WHAT NEEDS TO BE DONE = Below are records; from the line containing "Columbia waterproof patterned jacket M - Picture" through the very last line, output each line exactly. No pictures.

(Data extracted from a collection)
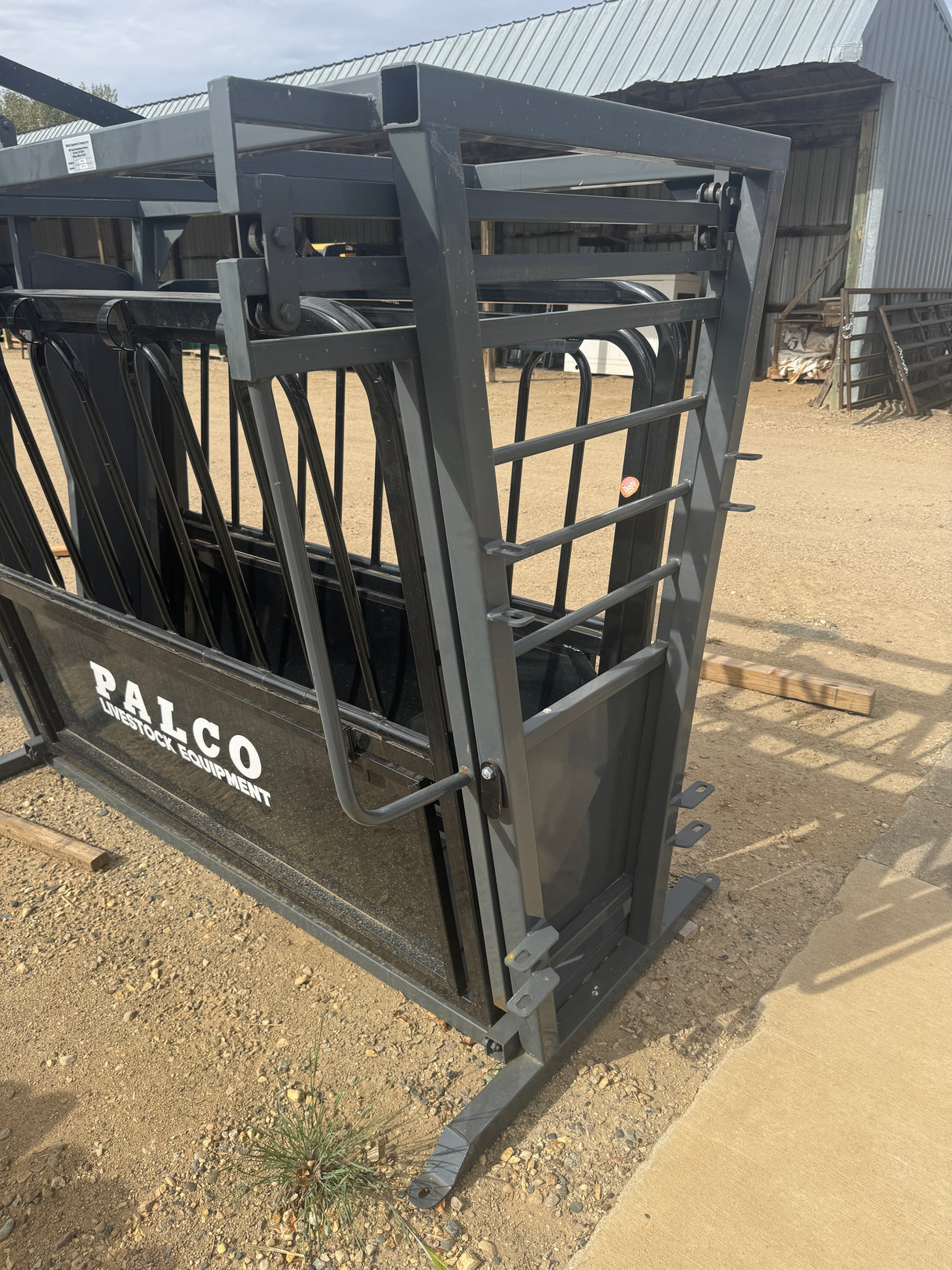 Palco 8’ Manual Squeeze Chute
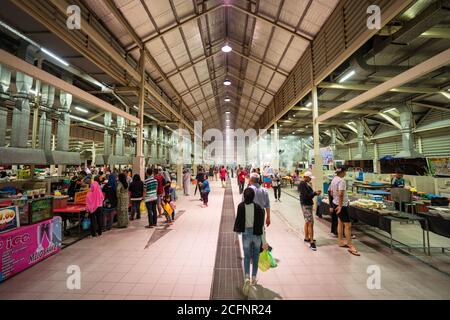 Bandar Seri Begawan / Brunei - 16. Januar 2019: Menschenmenge, die auf der Suche nach Essen auf dem Gadong Nachtmarkt mit rauchigem Ambiente ist Stockfoto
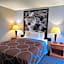 Super 8 by Wyndham Vancouver East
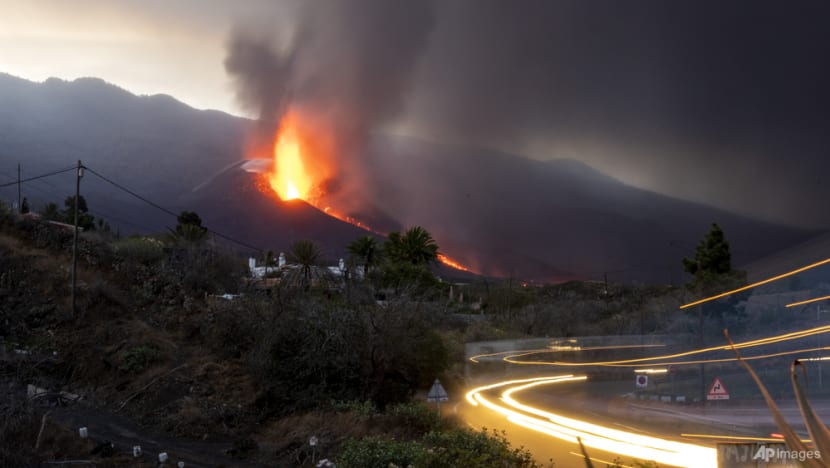 La Palma island braces for more earthquakes as volcano roars on La Palma island braces for more earthquakes as volcano roars on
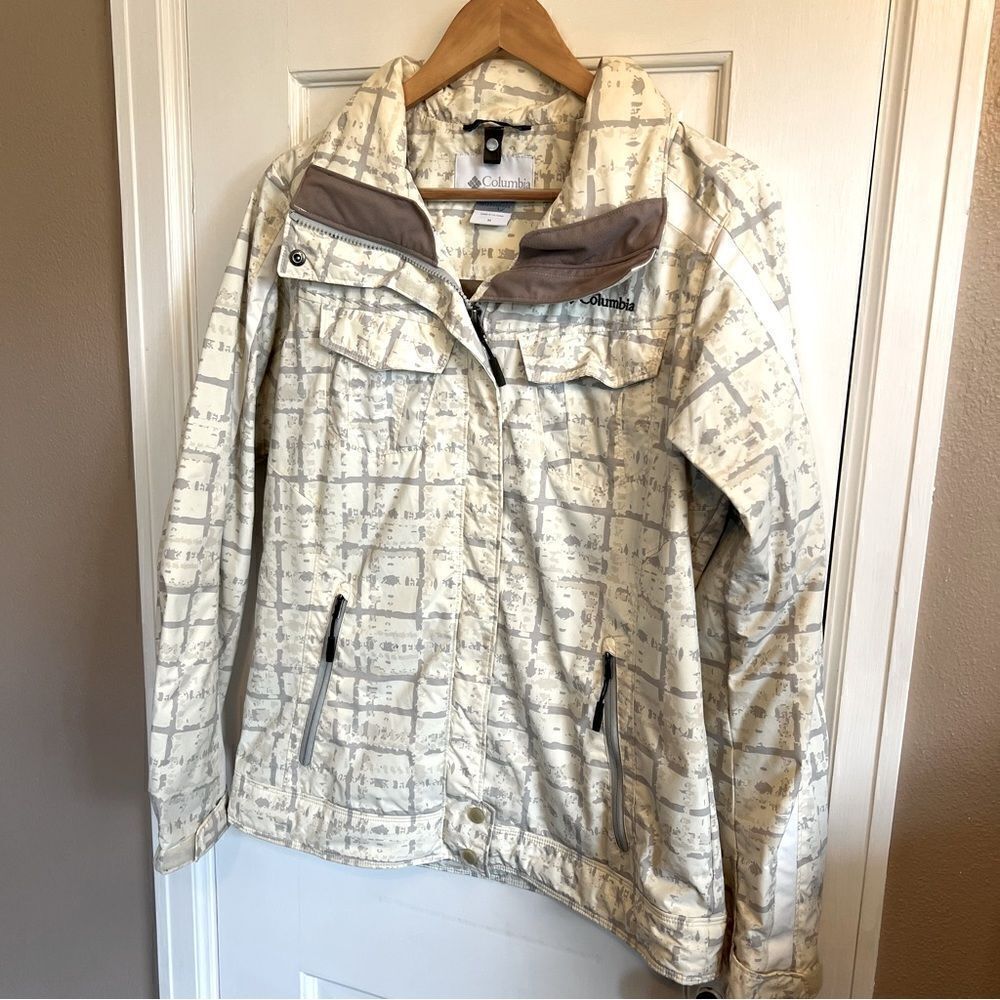Columbia waterproof patterned jacket M - Picture 9 of 9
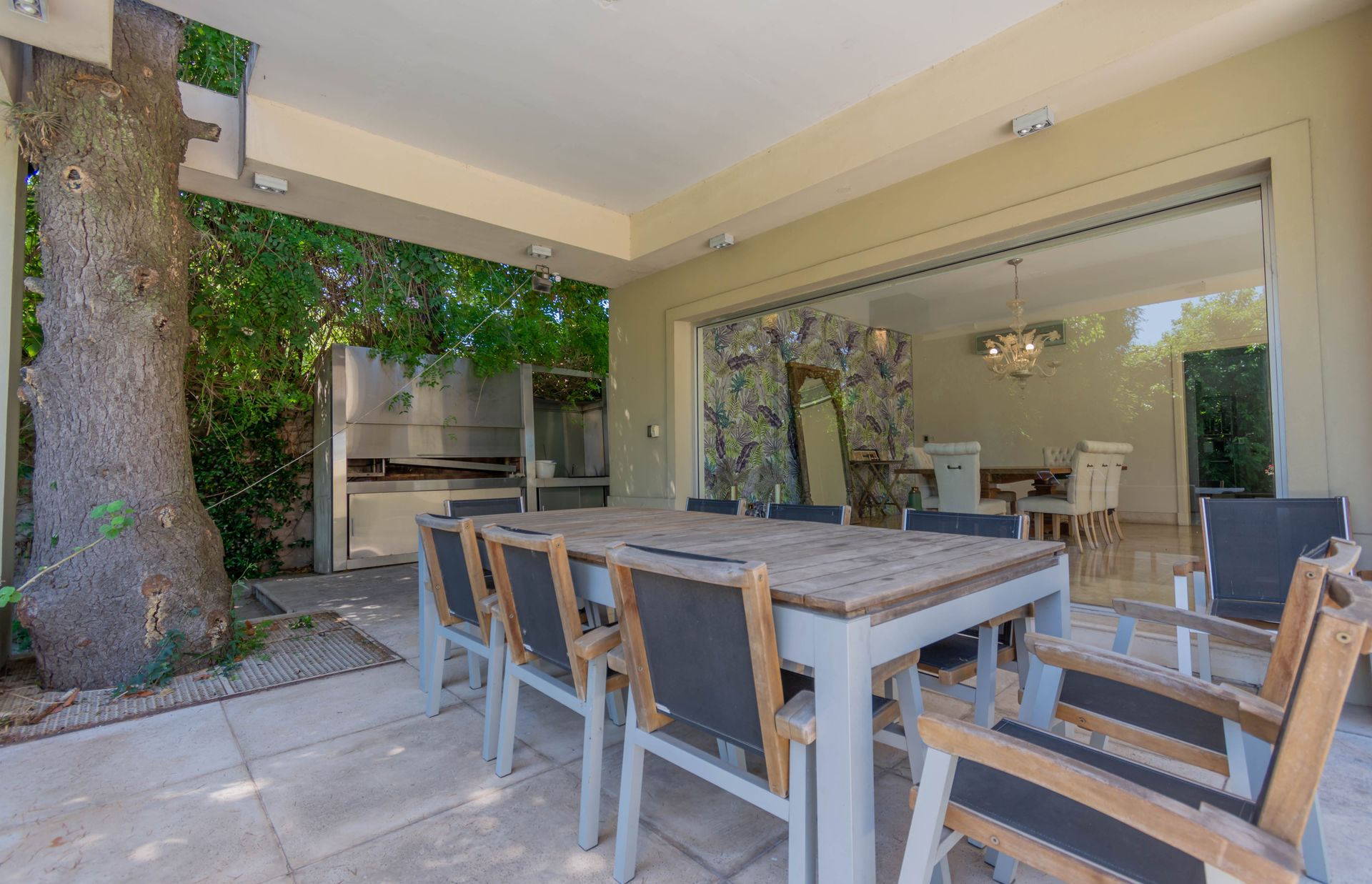 Venta casa San Isidro-7 amb.-Pileta-Jardin-633 M2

ANSWER =
Columbia waterproof patterned jacket M - Picture 9 of 9
 Venta casa San Isidro-7 amb.-Pileta-Jardin-633 M2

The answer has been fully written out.